Usually i'll grab the leadrope and send him away with  it, chasing him round and round the feild, not letting him stop until he starts moving closer to me with his head down. Then i'll send him on once more, trun and walk back to  the gate. He follows and i'll whip the rope around his neck and then pop on the HC. luckily the big horse is a greedy whatsherface and comes to the gate for anything, in the hopes theres a bit of food.

Have you thought about leaving a hc on him once  you get it on?


----------



## SpottedCat (1 August 2011)

Firstly, get yourself a cheap leather or field-safe headcollar and put it on him. The cheap leather/field-safe element means it will snap if he gets caught up. This means you don't have to put a headcollar on him to catch him, you can just snap the rope on. I think he's sussed out how to get out of doing what he doesn't want to do!

Secondly, do nothing with him in the field - he comes in for everything, from picking out feet and fly spray to treats and feed.
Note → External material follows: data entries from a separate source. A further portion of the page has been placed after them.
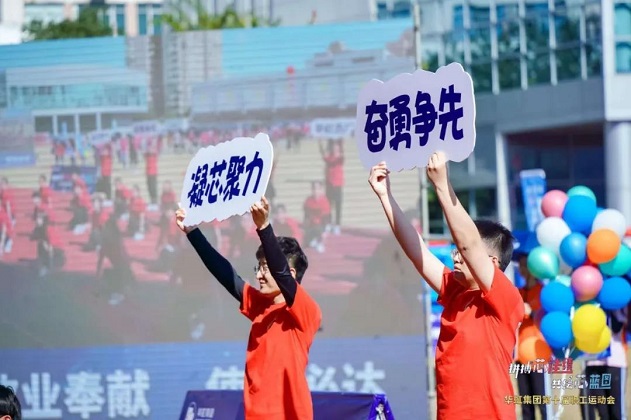 �Ƿ�����(�й���)-�ٷ���վ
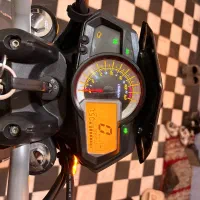 بنلی ۱۵۰ تی ان تی|موتورسیکلت|بناب, |دیوار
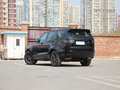 发现 360PS R-DynamicS2021款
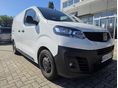 FIAT SCUDO 1.5 BlueHDi L1 (3 személyes ) SX Magyarországi 1. Tulaj ! Végig vezetett szervízkönyv ! 120Le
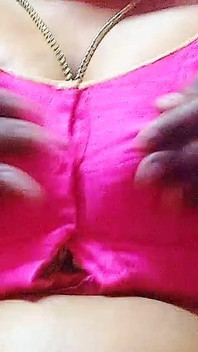 Indian College Teacher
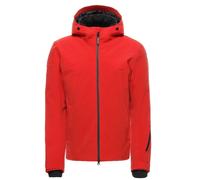 Veste de ski Homme Dainese AVERA DERMIZAX EV™ Racing-Red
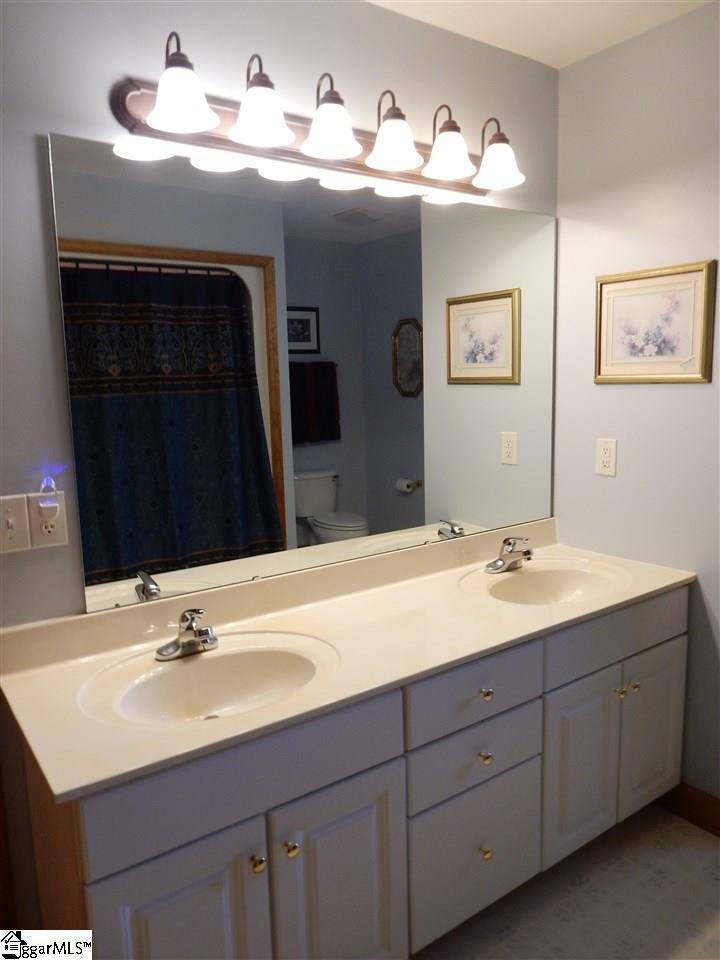 122 Byars Street Greer, SC 29651 - Photo 24 of 34 Gallery Image 24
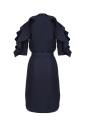 robe-chemise-en-popeline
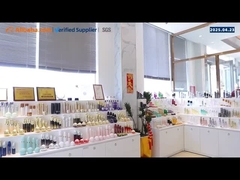 Vídeo da fábrica 5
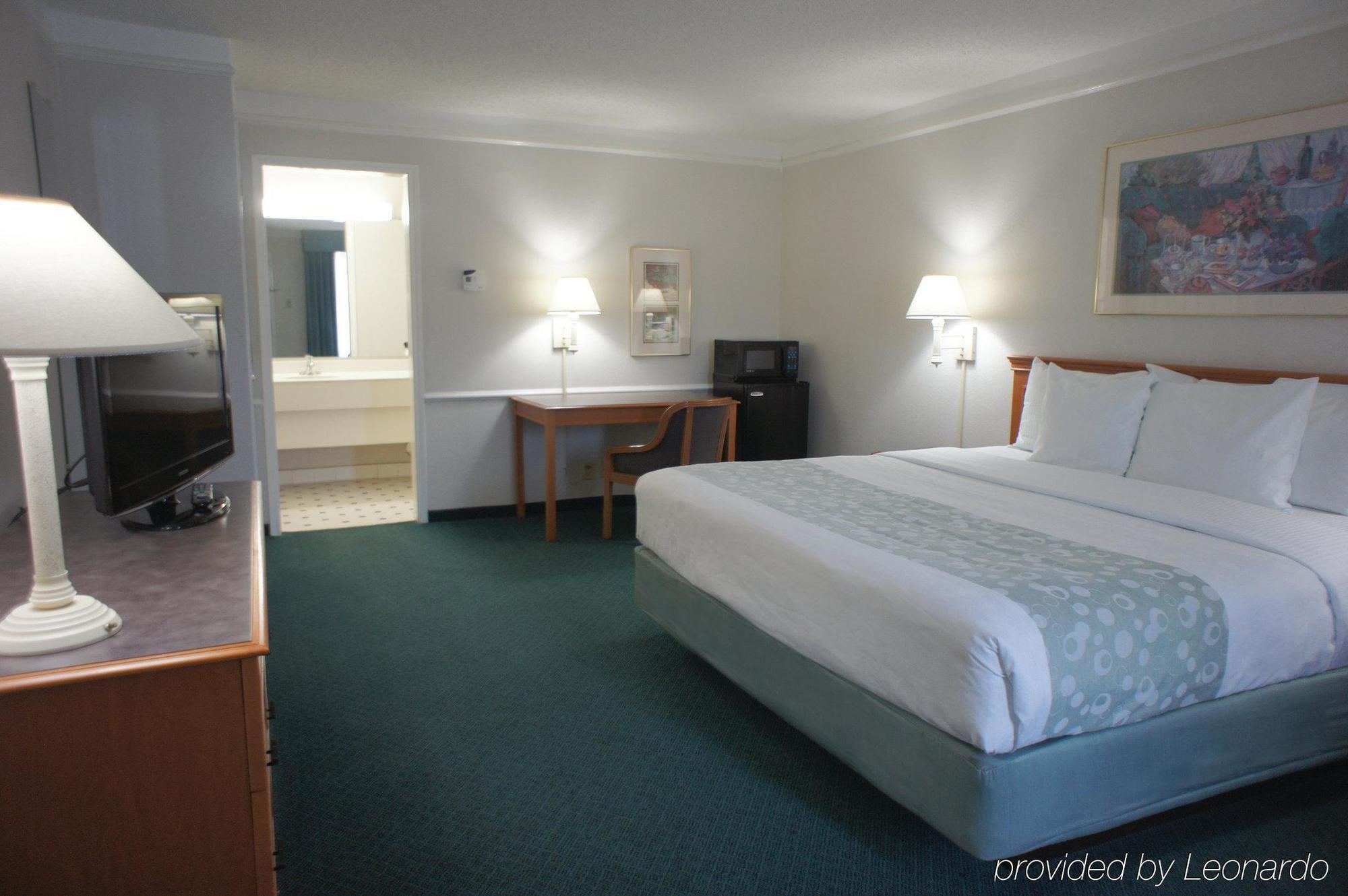 Days By Wyndham 2* Georgetown
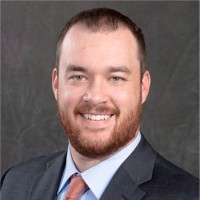 Tyler Stein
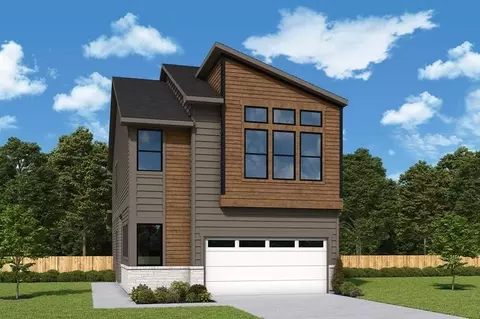 18911 Buckeye Bough Ln, Houston, TX 77084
He gets no attention/scratches/fuss until he is tied up in the yard. No net in the field, nothing. Make the field the most dull place to be, and make being in much more enjoyable. If you can, catch him in a few times a day, and do something with him - be that attention/feed/net/fly spray, whatever. 

If he really persists, then I'd be giving him a very stark choice - either you work in the field, or you come to me and come in and have a rest. I'd do it on a day I had all the time in the world, and I'd keep at it until he was begging to be caught! Literally loose lunge him until he wants to stop, then give him the choice - you walk up to him and if he doesn't let you catch him immediately (by which I mean he does not so much as move a foot away from you), then he goes back out working again. This will work waaay better in a small area than a large one (you don't say how big your field is), so if needs be, use electric tape to temporarily pen him in a smaller area.


----------



## Box_Of_Frogs (1 August 2011)

You're not helping yourself by responding to him "snorting" in the stable. So he snorts, so what. It's just because he's got over excited thundering in on his own. When he comes in, does he have company in a nearby stable? I suspect this is part of the problem. If you're nervous of him and don't give him the leadership he needs then he will look to another horse (or person) to provide it. He needs company - the more the merrier - and he needs you to step up to the plate for him. Follow SpottedCat's excellent advice, and you could also try going into his field on a day when you have all day to spare. Take a chair or something to sit on. Sit on it. Read a book. Hum to yourself. Plan your shopping list/night out. Ignore him until his curiosity gets the better of him and he comes up. Give him 1 polo then LEAVE THE FIELD immediately. Don't touch him, don't speak to him, just go. Come back half an hour later and do the same thing. Keep doing this until he lifts his head and comes trotting over whenever you appear in the field. NEVER try to trick him, EVER. When you're happy with that stage, move onto giving him a quick scratch on the nose before he gets his polo. Immediately leave. Get the idea? Gradually increase the time you stand with him before he gets his polo. When you're ready to move on again (each stage may take an hour, a day or a week), pop the lead rope casually over his neck and immediately slide it off again. Tickle. Polo. Leave. You will eventually reach the  stage where you can pop his head collar on (or attach the lead rope to a field safe head collar). Immediately take it off again. Polo, leave. Eventually, you can lead him 10 steps before polo, leave. Then lead him to the gate, polo, leave. Then just outside the gate and so on. Don't ever ever try to cheat or rush things or you'll make it 100 times worse. From what you have explained, I think his problem is anxiety due to your nervousness and his lack of company when he comes in. Good luck.


----------



## paddy (1 August 2011)

Some excellent advice above.  The other thing to consider is, after you've tried to catch him and failed, bring the other horses in and leave him out.   We have a mare on livery who has been a witch to catch, when she feels like it, for about 16 years.  In her first week with us, she turned her heels to my OH and ran off up the hill.  So he left her.  Everyone else came in and was fed.  She stood by the gate, wanting to come in for her supper.  He ignored her.  (Just to clarify, she was in the field closest to the stables and could clearly see the other horses and was not 'stressing').  Several hours later, he went out, slipped her headcollar on and brought her in.  Not had a problem with her since.  She was used to people spending hours chasing her - one friend had spent hours traipsing round a field trying to catch her on Christmas Day - but does love her food!


----------



## wildcard (1 August 2011)

My older horse used to be what sounds like the double of your horse.. we tried all of the above polo's leaving headcoller on you name it we did it. We got told do some reverse phychology with him if he wants to run away then make him run. At the moment this is his game and he's in charge of it. Some people may think its cruel and not a good method but when youve tried everything else.. youll give anything a go. 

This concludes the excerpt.